Start of TASK INPUT
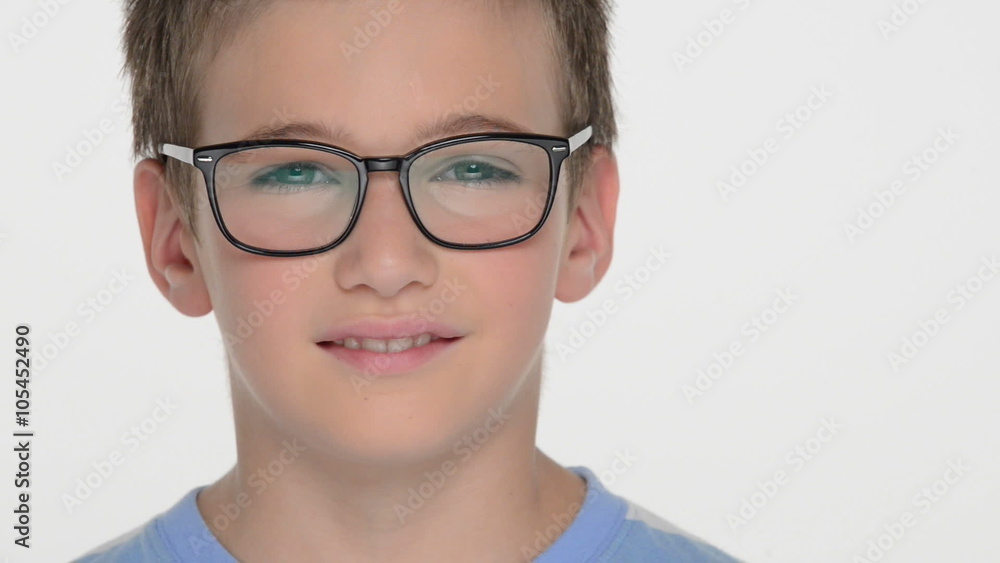 Closeup portrait of the Pretty boy of ten years, wears glasses, looks at the camera and smiles Closeup portrait of the Pretty boy of ten years, wears glasses, looks at the camera and smiles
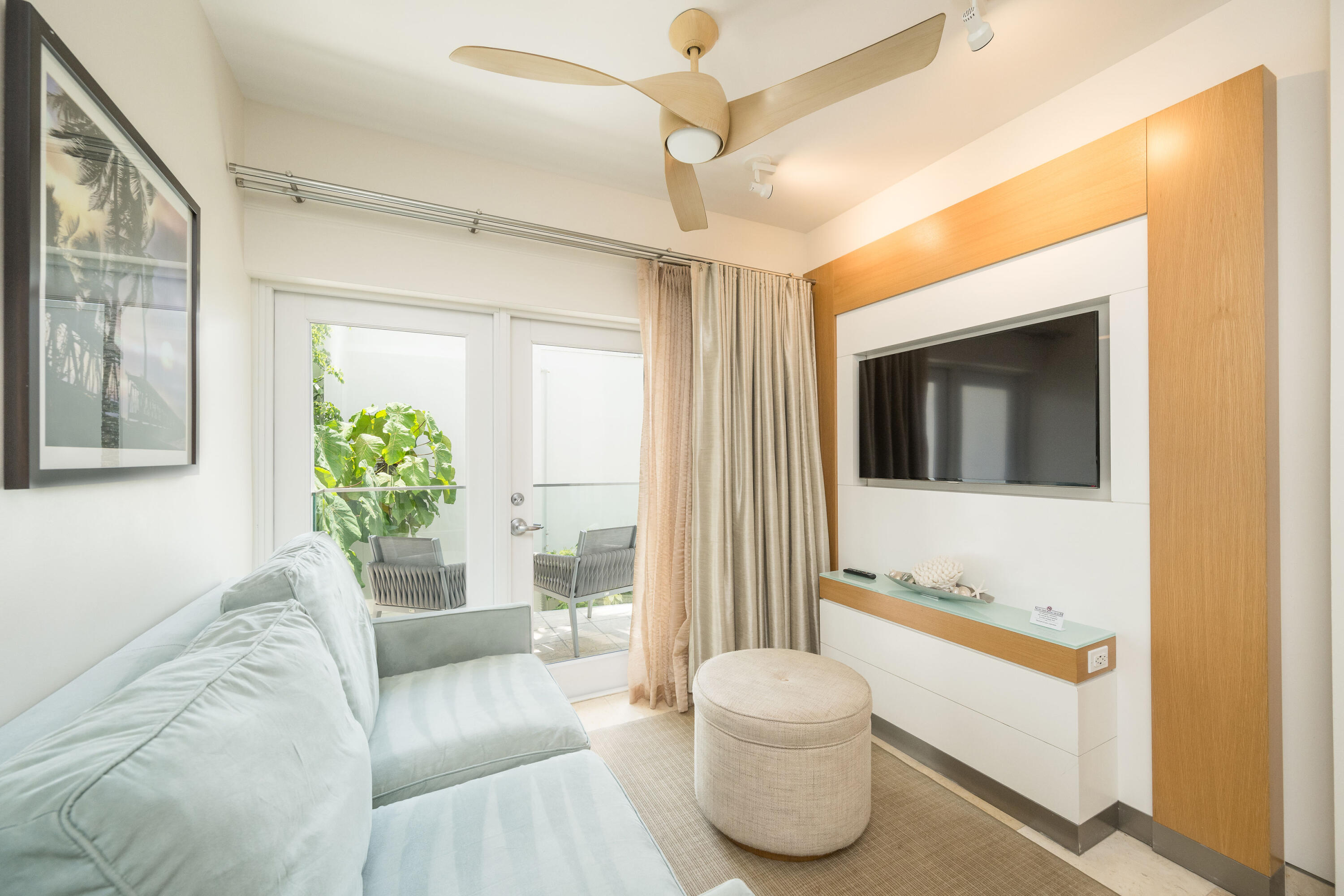 1401 Simonton Street, Unit 20 Key West, FL 33040 - Photo 6 of 32 a living room with furniture and a large window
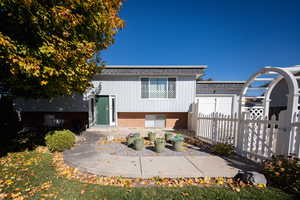View of front facade featuring brick siding and a gate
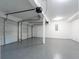 Garage with white walls and gray epoxy floors at 4187 Mistymorn Way, Powder Springs, GA 30127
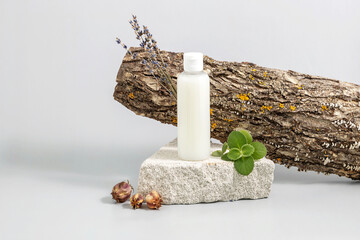 cosmetics container on the podium made of stone, tree bark, lavender twigs and mint leaves on a...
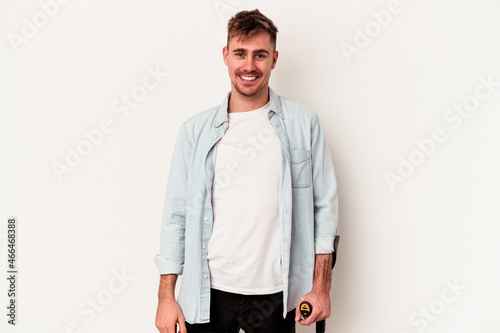 Young caucasian man holding crutch isolated on white background happy, smiling and cheerful. photo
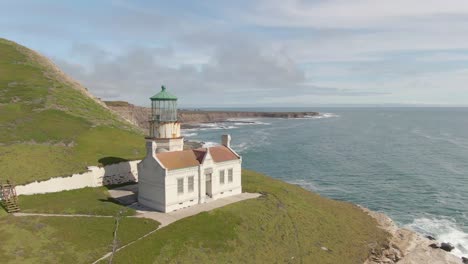 historic lighthouse on coastal cliff side, push in drone shot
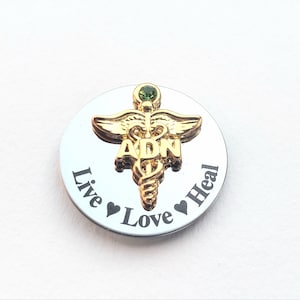 May include: A silver round pin with a gold medical caduceus symbol and a green gem. The pin says "Live Love Heal" and "ADN" in the center.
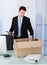 Businessman collecting office supply in cardboard box at desk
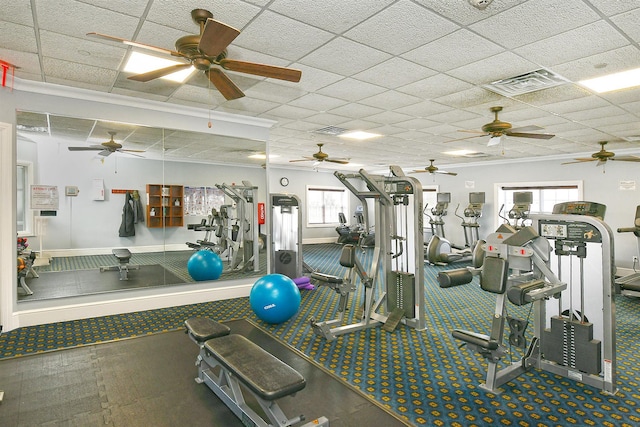 workout area with a paneled ceiling, visible vents, and baseboards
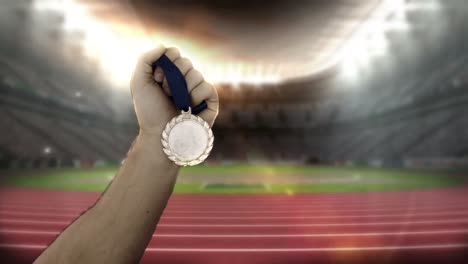 hand of athlete showing gold medals in olympic stadium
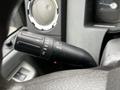 Close-up of the turn signal and light control stalk on a steering wheel of a 2014 Ford F-550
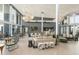 Community lounge featuring stylish seating arrangements and floor to ceiling windows at 11940 W Calle De Pompas --, Peoria, AZ 85383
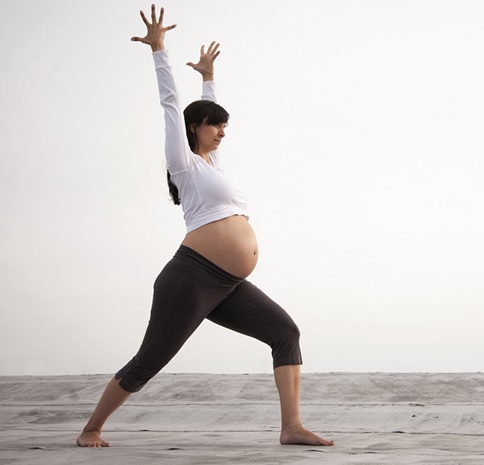 pregnant woman stretching stock image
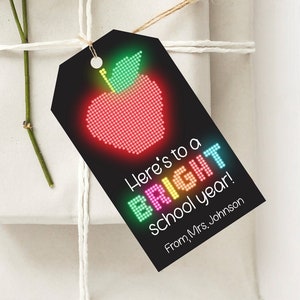 Puede incluir: Regalos envueltos atados con hilo y una etiqueta. La etiqueta negra presenta una manzana roja pixelada con un tallo verde y el texto "Here's to a BRIGHT school year!" y "From, Mrs. Johnson."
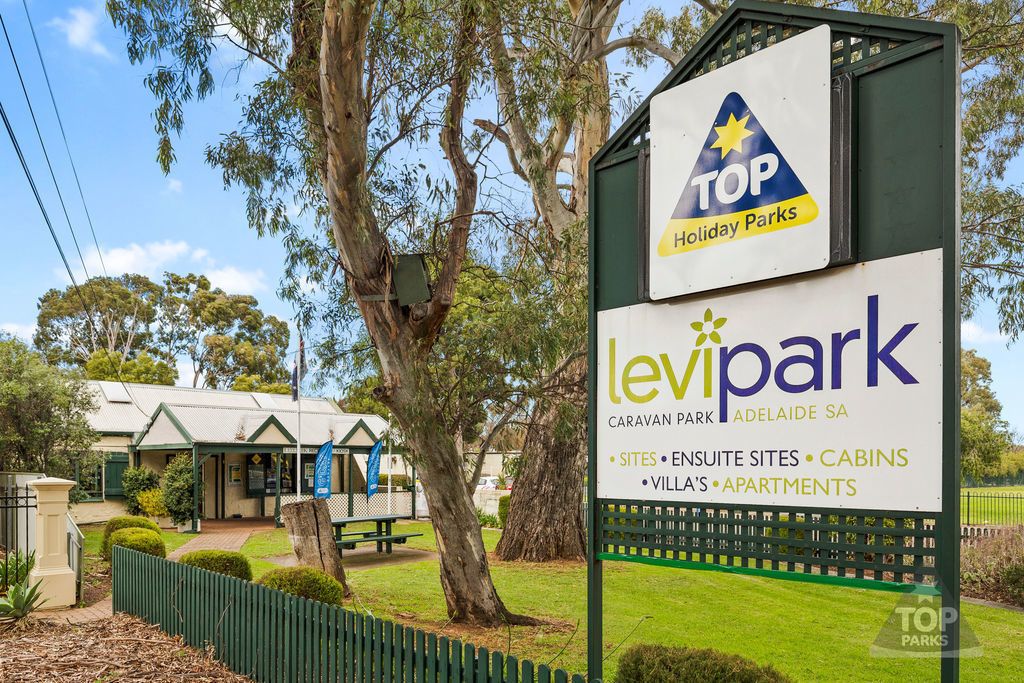 A sign for Levitpark, a caravan park in Adelaide, SA, with amenities like sites, en-suite sites, cabins, villas, and apartments.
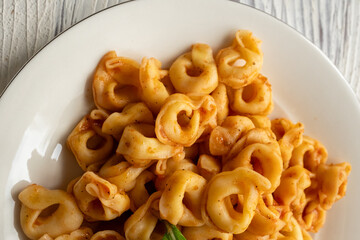 Tortellini with tomato sauce on a white plate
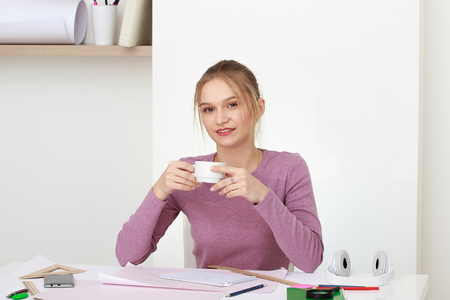 Portrait of a smiling student girl sitting at the desk with a mugの写真素材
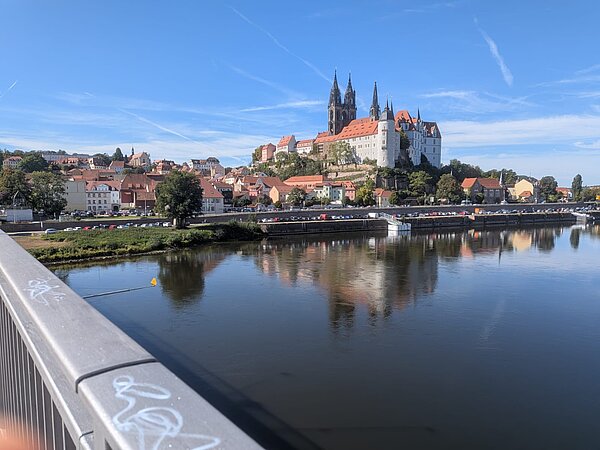 Panorama einer historischen Stadt am Fluss mit einer großen Burg- und Kirchenanlage auf einem Hügel. Die Gebäude und der blaue Himmel spiegeln sich im ruhigen Wasser.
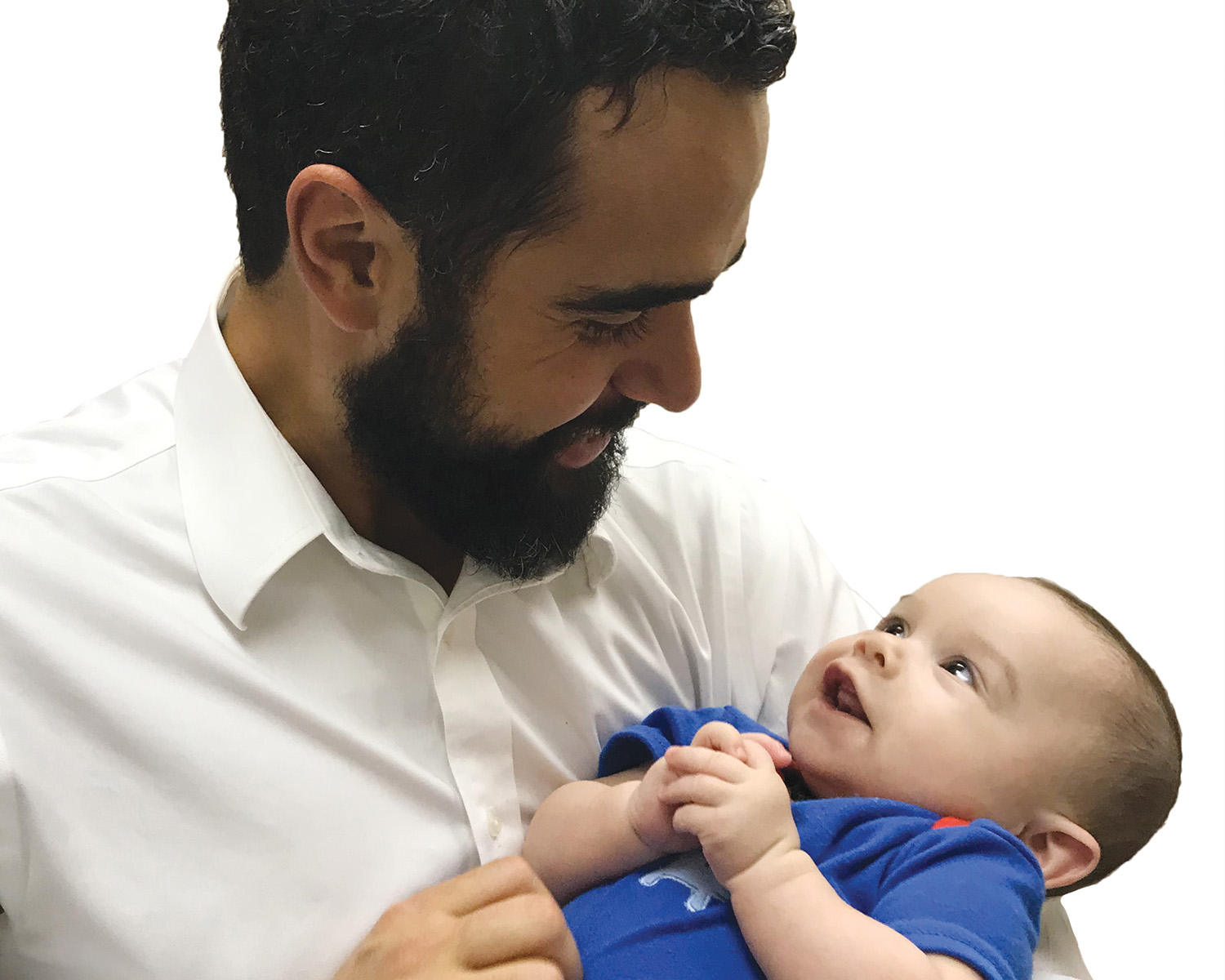 Dr. Chad Taylor holds a young patient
End of TASK INPUT
No pictures belong in the output. Restate word for word only the lines from the one containing "hand of athlete" to the end of the entries above.

■ SOLUTION FOR THIS PROBLEM
 hand of athlete showing gold medals in olympic stadium
 Close-up of the turn signal and light control stalk on a steering wheel of a 2014 Ford F-550
 Community lounge featuring stylish seating arrangements and floor to ceiling windows at 11940 W Calle De Pompas --, Peoria, AZ 85383
 pregnant woman stretching stock image
 Puede incluir: Regalos envueltos atados con hilo y una etiqueta. La etiqueta negra presenta una manzana roja pixelada con un tallo verde y el texto "Here's to a BRIGHT school year!" y "From, Mrs. Johnson."
 A sign for Levitpark, a caravan park in Adelaide, SA, with amenities like sites, en-suite sites, cabins, villas, and apartments.
 Tortellini with tomato sauce on a white plate
 Portrait of a smiling student girl sitting at the desk with a mugの写真素材
 Panorama einer historischen Stadt am Fluss mit einer großen Burg- und Kirchenanlage auf einem Hügel. Die Gebäude und der blaue Himmel spiegeln sich im ruhigen Wasser.
 Dr. Chad Taylor holds a young patient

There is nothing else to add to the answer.